**Task directions**
Could you write out, word for word, each line from the one containing "LED double-head desk" to the last line of the data below, both included and nothing more?

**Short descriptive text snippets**
=====
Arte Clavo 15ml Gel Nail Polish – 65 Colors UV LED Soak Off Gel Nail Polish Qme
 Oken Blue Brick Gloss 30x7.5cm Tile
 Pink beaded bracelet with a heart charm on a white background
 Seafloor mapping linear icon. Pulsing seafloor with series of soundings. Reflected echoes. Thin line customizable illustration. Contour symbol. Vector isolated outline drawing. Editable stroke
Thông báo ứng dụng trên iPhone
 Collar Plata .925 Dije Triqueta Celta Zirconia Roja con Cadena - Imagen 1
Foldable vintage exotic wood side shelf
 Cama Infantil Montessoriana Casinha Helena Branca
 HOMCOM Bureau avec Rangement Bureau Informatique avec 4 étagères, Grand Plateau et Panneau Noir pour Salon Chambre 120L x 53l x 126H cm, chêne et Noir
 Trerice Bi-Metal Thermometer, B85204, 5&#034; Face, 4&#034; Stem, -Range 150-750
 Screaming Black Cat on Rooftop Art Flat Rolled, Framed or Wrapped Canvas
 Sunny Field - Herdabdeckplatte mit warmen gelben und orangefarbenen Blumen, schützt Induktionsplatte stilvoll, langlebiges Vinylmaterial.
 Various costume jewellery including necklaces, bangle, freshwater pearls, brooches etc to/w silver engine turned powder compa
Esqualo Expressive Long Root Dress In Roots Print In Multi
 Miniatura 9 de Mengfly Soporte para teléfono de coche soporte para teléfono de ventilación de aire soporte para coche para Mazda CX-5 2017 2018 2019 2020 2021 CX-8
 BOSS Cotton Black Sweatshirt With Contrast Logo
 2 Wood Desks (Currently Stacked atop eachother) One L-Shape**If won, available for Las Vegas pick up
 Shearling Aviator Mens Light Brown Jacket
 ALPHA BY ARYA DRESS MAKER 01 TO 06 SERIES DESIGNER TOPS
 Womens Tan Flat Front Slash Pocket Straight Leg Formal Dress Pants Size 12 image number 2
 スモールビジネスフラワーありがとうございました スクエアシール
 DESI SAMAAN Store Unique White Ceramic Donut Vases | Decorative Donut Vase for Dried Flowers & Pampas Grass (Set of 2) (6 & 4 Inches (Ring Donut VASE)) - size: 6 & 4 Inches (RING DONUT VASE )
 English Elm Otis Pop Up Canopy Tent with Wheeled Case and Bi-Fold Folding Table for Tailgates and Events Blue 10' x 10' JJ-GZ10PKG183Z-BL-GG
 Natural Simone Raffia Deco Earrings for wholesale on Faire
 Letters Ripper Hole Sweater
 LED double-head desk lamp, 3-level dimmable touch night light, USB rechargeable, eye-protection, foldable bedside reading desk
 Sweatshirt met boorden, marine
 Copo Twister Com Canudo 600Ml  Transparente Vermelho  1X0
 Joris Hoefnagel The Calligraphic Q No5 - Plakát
=====
**Answer to this problem**
 LED double-head desk lamp, 3-level dimmable touch night light, USB rechargeable, eye-protection, foldable bedside reading desk
 Sweatshirt met boorden, marine
 Copo Twister Com Canudo 600Ml  Transparente Vermelho  1X0
 Joris Hoefnagel The Calligraphic Q No5 - Plakát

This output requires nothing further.